Conference: CVPR 2026
arXiv: 2603.00682
Code: None
Area: Autonomous Driving
Keywords: Collaborative Perception, Communication Efficiency, LiDAR Completion, Early Fusion, Vector Quantization

TL;DR

CoLC proposes a communication-efficient early collaborative perception framework. It reduces transmission volume through Foreground-Aware Point Sampling (FAPS), restores dense pillar representations on the ego side using VQ-based LiDAR Completion (CEEF), and ensures semantic and geometric consistency via Dense-Guided Double Alignment (DGDA). This maintains or even exceeds early fusion detection performance while significantly lowering communication bandwidth.

Background & Motivation

Collaborative perception allows multi-agent information sharing to overcome perception blind spots and occlusion issues of single agents. Existing fusion strategies are categorized into three types:

  • Early Fusion: Direct transmission of raw point clouds. It offers the highest information fidelity and is naturally robust to heterogeneous models, but incurs massive communication overhead.
  • Intermediate Fusion: Transmission of BEV features. It has moderate overhead but relies on model consistency.
  • Late Fusion: Transmission of detection results. It minimizes communication but suffers the most information loss.

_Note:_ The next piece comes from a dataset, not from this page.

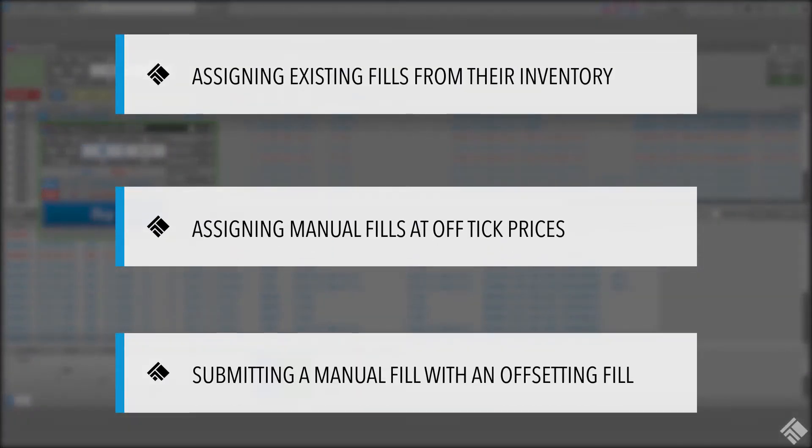In this video, we will demonstrate how a user can fill a care order by assigning existing fills from their inventory, assigning manual fills at off-tick prices, and submitting a manual fill with an offsetting fill.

A key phenomenon was identified: in early fusion, transmitting only foreground points leads to a significant performance drop, even performing worse than transmitting only background points. This is because foreground points complete object shapes, while background points provide contextual anchors for spatial alignment. Both are indispensable, inspiring the design of CoLC—sampling both foreground and background points and then restoring missing information via completion at the ego side.

Method

Overall Architecture

CoLC aims to achieve the information fidelity of early fusion alongside the low bandwidth of intermediate fusion. The core mechanism involves decomposing "transmitting complete point clouds" into "transmitting few key points + reconstruction at the receiver." The pipeline is distributed across two sides: neighbor agents use FAPS to filter raw point clouds into a small set of foreground and background points; the ego side receives these sparse points and uses the LiDAR completion module within CEEF to reconstruct sparse pillars into dense ones for detection. DGDA participates only during training, using dense full point clouds as a teacher to force the completed pillars to align with the ground truth semantically and geometrically. During inference, complete point clouds are not required, saving bandwidth while recovering detection accuracy through completion and alignment.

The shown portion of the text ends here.